-- Opening Marker --

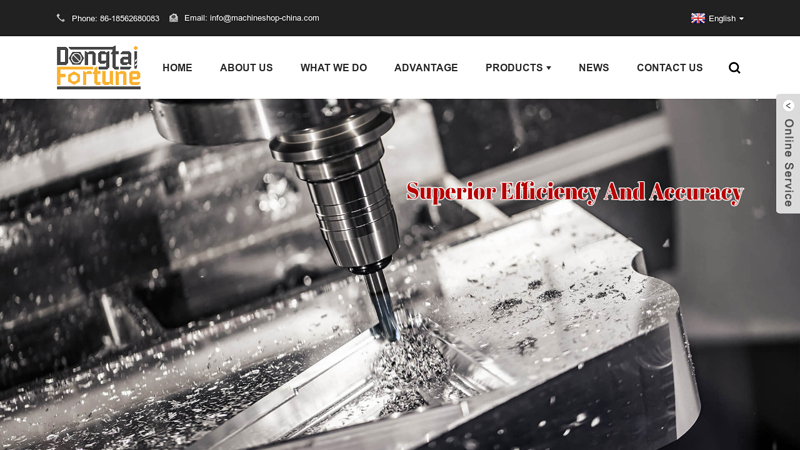 Image of China Horizontal Milling Machine Parts Factory and Manufacturers ...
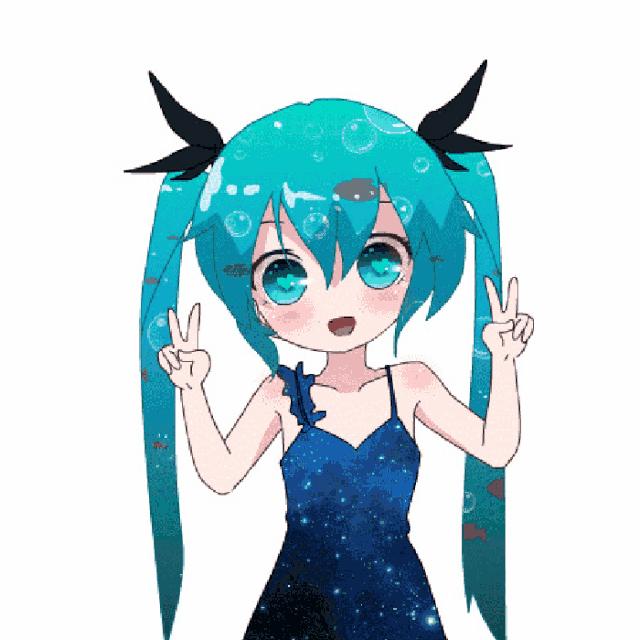 千盼万盼终于盼到回家的时候,千盼万盼最新视频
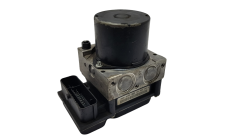 Pumpa Abs VW AG 6Q0614117Q 0265231426 0265800363 1408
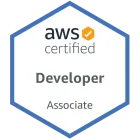 Developer Associate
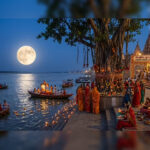JyeshthaPurnima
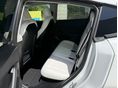 TESLA MODEL Y 2023/3 - 12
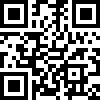 https://hawzahnews.com/xfwwG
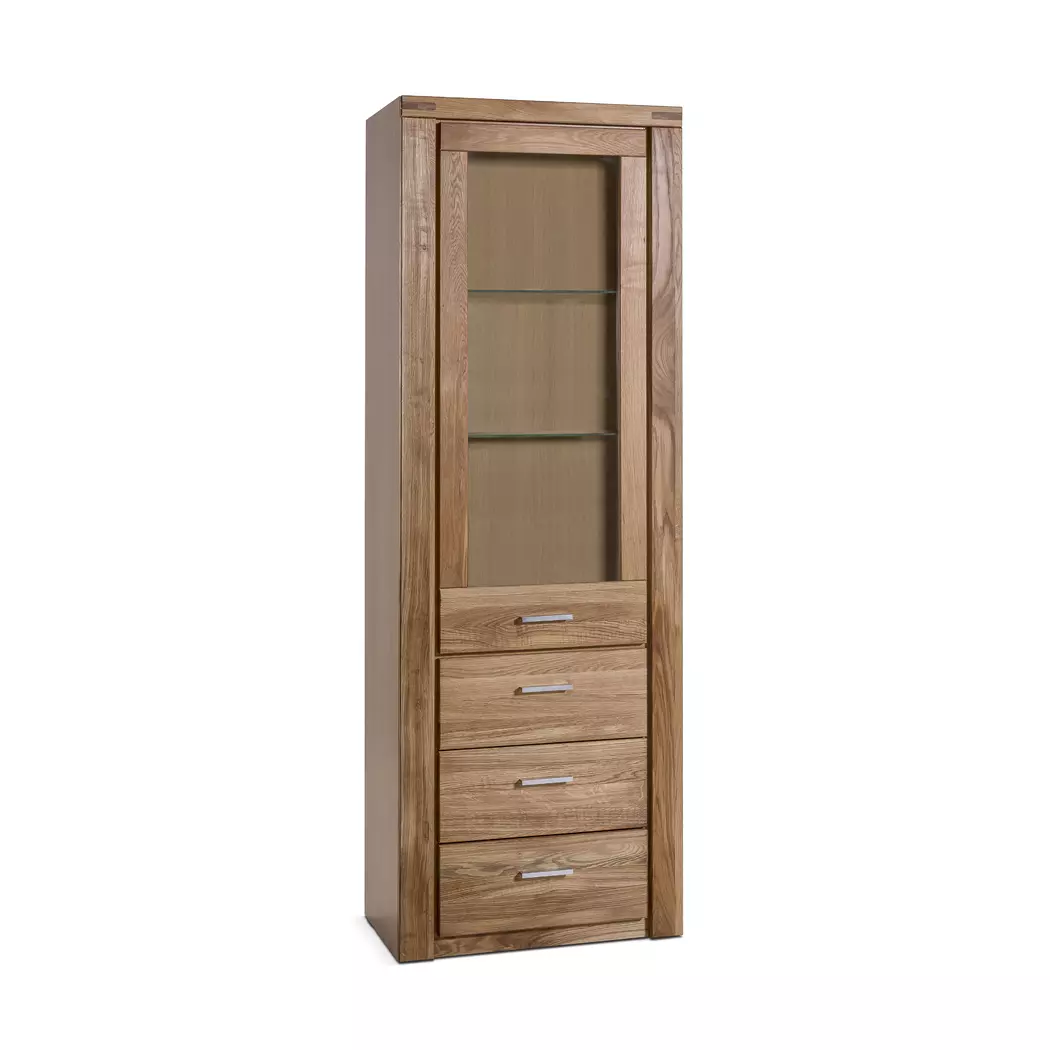 Vitrine Tabea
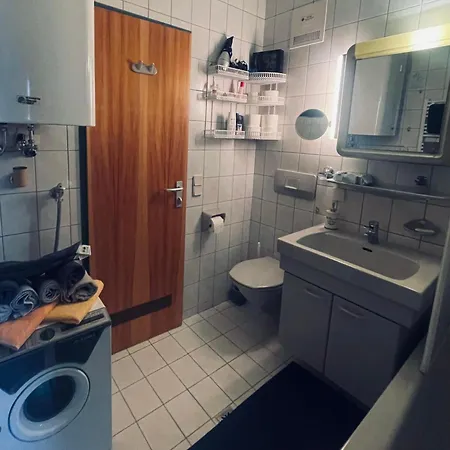 Apartmán Barbara Snow - Sonnleitn - Nassfeld Hermagor-Pressegger See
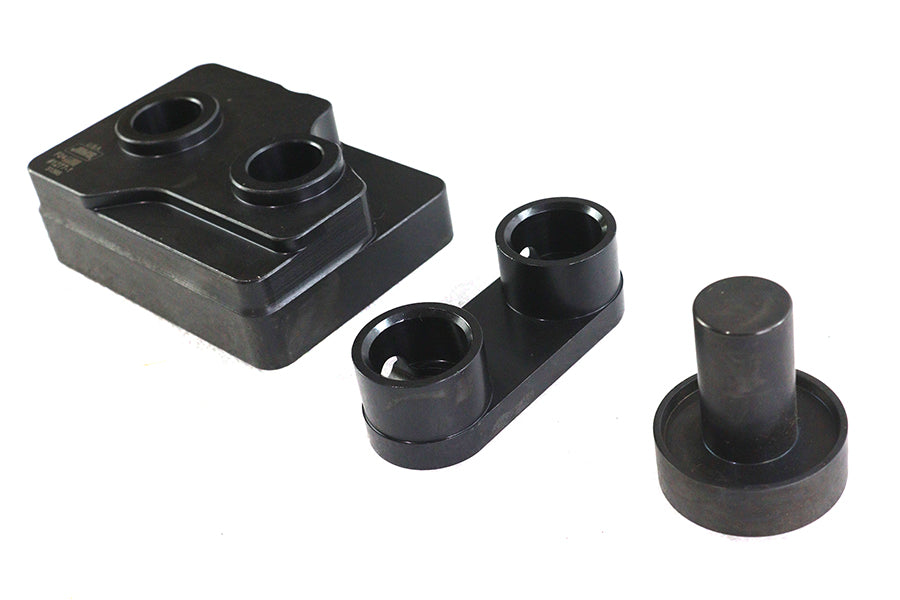 Jims Cam Shaft Remover and Installer Tool
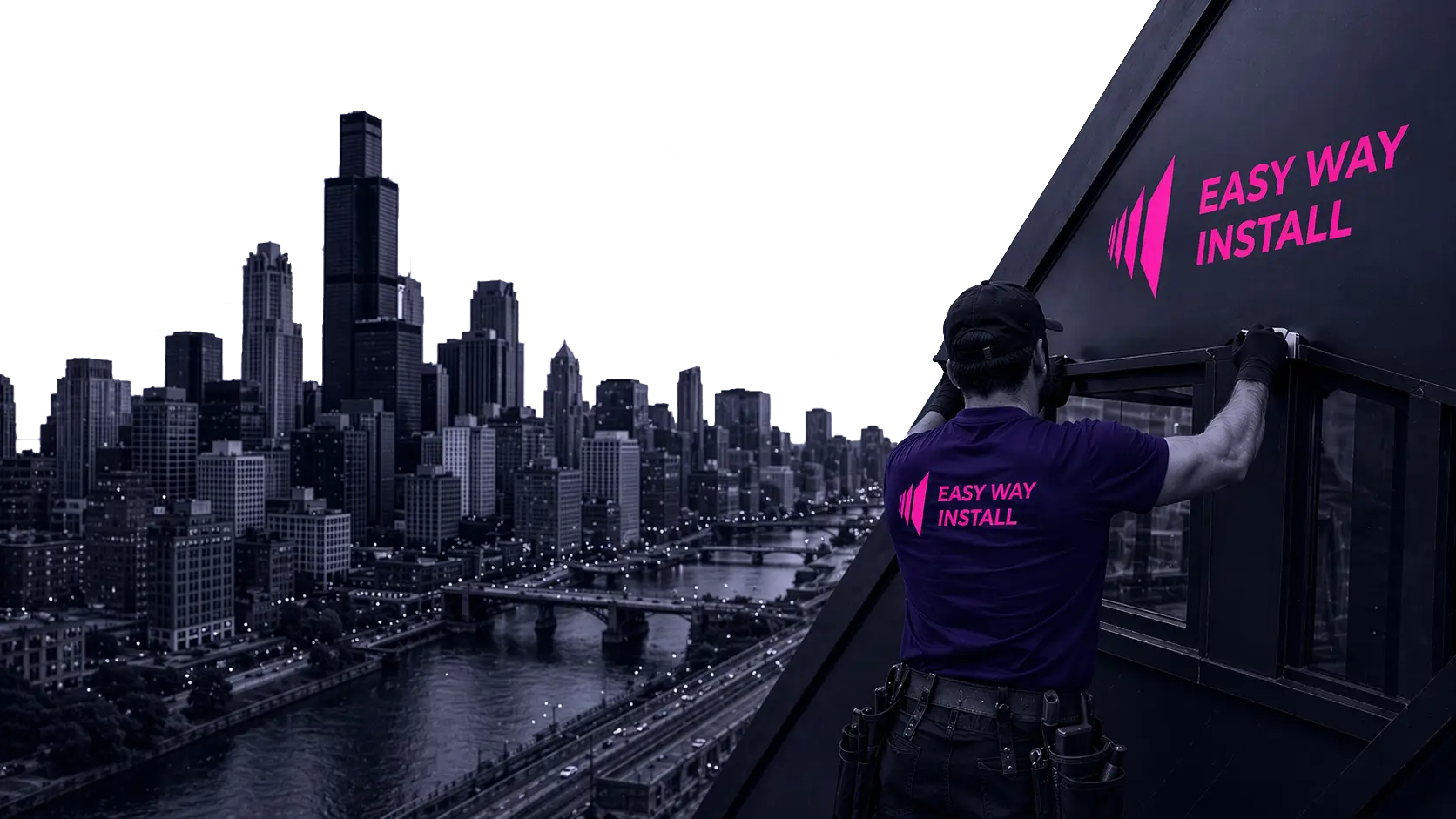 Installers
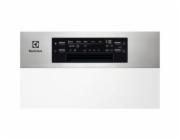 Electrolux 600 FLEX EES42210IX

-- Closing Marker --

WHAT TO WORK ON >>
Without the pictures, repeat every line of the material above exactly.

WRITTEN RESPONSE >>
 Image of China Horizontal Milling Machine Parts Factory and Manufacturers ...
 千盼万盼终于盼到回家的时候,千盼万盼最新视频
 Pumpa Abs VW AG 6Q0614117Q 0265231426 0265800363 1408
 Developer Associate
JyeshthaPurnima
 TESLA MODEL Y 2023/3 - 12
 https://hawzahnews.com/xfwwG
 Vitrine Tabea
 Apartmán Barbara Snow - Sonnleitn - Nassfeld Hermagor-Pressegger See
 Jims Cam Shaft Remover and Installer Tool
 Installers
 Electrolux 600 FLEX EES42210IX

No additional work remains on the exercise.